Há alguns factos bioquímicos que poderiam fazer parte de um jogo de "Trivial Pursuit" pela estranheza que causam. Ora apreciem:

[...] Nonetheless, peptide bonds are quite stable kinetically; the lifetime of a peptide bond in aqueous solution in the absence of a catalyst approaches 1000 years
[...]

JMBerg, JLTymoczko & LStryer, (2002). In: Biochemistry (5th. edition), p. 51.

março 29, 2005

Outros sistemas de Ensino Superior

Uma visão breve da organização do Ensino Superior na Noruega:

Viagem pelo Ensino Superior na Noruega

março 28, 2005

Workshop "Effective Teaching"

Relembro que vai ter lugar um "workshop" sobre técnicas de ensino na Escola de Ciências da Saúde da Universidade do Minho. As inscrições estão abertas, sendo que as efectuadas antes de 15 de Abril são mais baratas. Ver mais informação em: "General Information"

Comunicação científica

Depois destas férias, de que é suposto regressarmos de cabeça fresca e prontos para atravessar o longo mês de Abril, deixo aqui uma sugestão de leitura que recolhi no blogue Conta Natura. É um texto de um cientista que ganhou o Prémio Nobel em Medicina e Fisiologia em 1960, Peter Medawar, que se intitula "Is the scientific paper a fraud?" (pp. 6). Apesar do título polémico, é uma excelente leitura, tanto para a prática do inglês como para uma discussão, em linguagem acessível, da diferença entre o modo de fazer e de relatar a ciência.

março 22, 2005

Bioquímica da vida real

Se ouvirem falar de compostos isoprenóides (derivados de isopreno), é possível que pensem que lá vem mais uma matéria chata e química quanto baste.

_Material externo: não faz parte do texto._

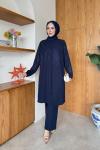 Narin Tunik Takım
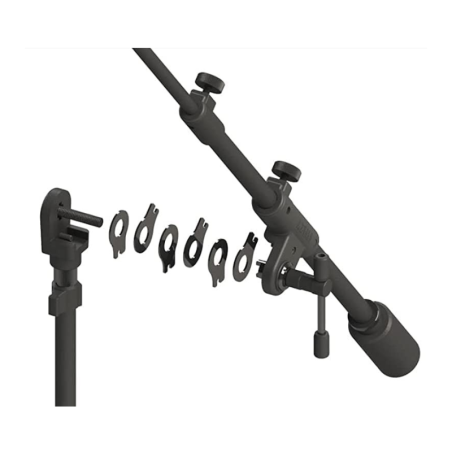 TAMA IW Studio Stand MS736RELBK
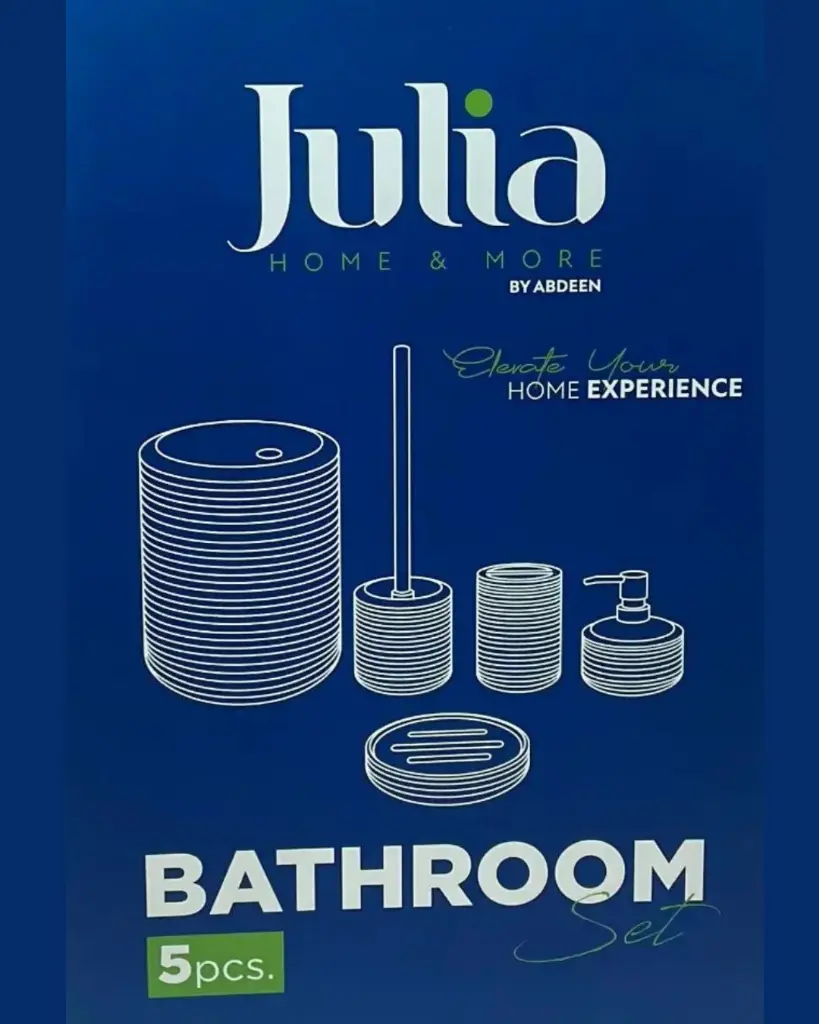JULIA BATHROOM SET 5PCS (30).webp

No entanto, são derivados daquele composto de 5 carbonos que são os responsáveis por cores, aromas e sabores espalhados por todo o mundo vivo.

Deixo aqui uma sugestão: explorar visualmente o mapa "Isoprene Products", um dos que fazem parte do Mini-Maps de DNicholson já referidos neste blogue (Recursos "metabólicos"). Vão ver que os isoprenóides têm mais importância na nossa vida do que imaginamos à partida.

março 15, 2005

Humor em sítios improváveis II

Ora reparem bem neste exemplo de "british humor":

[...] Books often evolve from their precursors and hence exhibit almost hereditary deficiencies so that certain inadequacies of presentation are perpetuated to the confusion of sucessive generations of students. Textbooks can still suffer from inborn errors of metabolism!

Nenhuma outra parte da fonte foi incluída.